I can shoot off the ground.” He was already swinging down off the gray, the rifle coming up to his shoulder as his boots hit the dirt, sliding the gray around between her and the oncoming riders to make himself a wall of it.

“I’ll hold them off you and I’ll follow. Go, Marielle.”

“I’m not leaving you standing in this road.”

“You’re not leaving me. There’s a difference, and there’s no time to teach it to you.” He sighted down the barrel, calm, a man who’d done this work and knew it, and squeezed, and down the slope the lead rider’s horse went down screaming and threw its man hard into the brush.

David levered and found the next one. “I can buy you this road or I can stand here and die arguing with you over whether I’m allowed to. Those are the two things on offer. Pick which, but pick it this second, because every word you spend is a yard they get closer.”

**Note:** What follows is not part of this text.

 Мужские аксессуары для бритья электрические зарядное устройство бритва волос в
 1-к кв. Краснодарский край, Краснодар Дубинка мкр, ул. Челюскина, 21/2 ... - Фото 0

She picked. It went against the whole grain of her, against everything two years of doing it all herself had made her, and she picked it anyway, because he was right and there was no time and a second dead body in the road would have bought nobody anything.

She wheeled the bay hard and put it down the back of the rise toward the Hendersons’ road.

The last look she had of him was over her shoulder, the shape of him planted in the road with the gray broadside behind him and the rifle going steady, spaced, unhurried, a shot and the work of the lever and a shot, a man who knew his trade picking his targets out of the firelit dark.

Then the rise came up between them and there was nothing but the road and the hammer of the bay’s run under her and her own breath tearing in her throat.

She rode hard. She didn’t let herself listen for the moment the rifle stopped. There would be a moment it stopped, so she made the not-listening a thing she did with her whole will, the way she’d made herself do hard things before.

She’d gone perhaps a half mile, the burning town falling away behind the rise and the night closing back in dark around her, when two riders came up out of the black of the road ahead and she had the rifle half up before she remembered David had it, had her hand going for the pistol instead, when one of them called her name.

Abe. On the tired horse he’d ridden out of the timber, and behind him on the gray that had carried David out of those same woods, Samson Jennings, hunched and swaying and roped at the wrists to the saddle horn, a ruined shape barely keeping his seat.

She hauled the bay down hard. “The town,” she got out, her voice come out wrong, too fast and too high.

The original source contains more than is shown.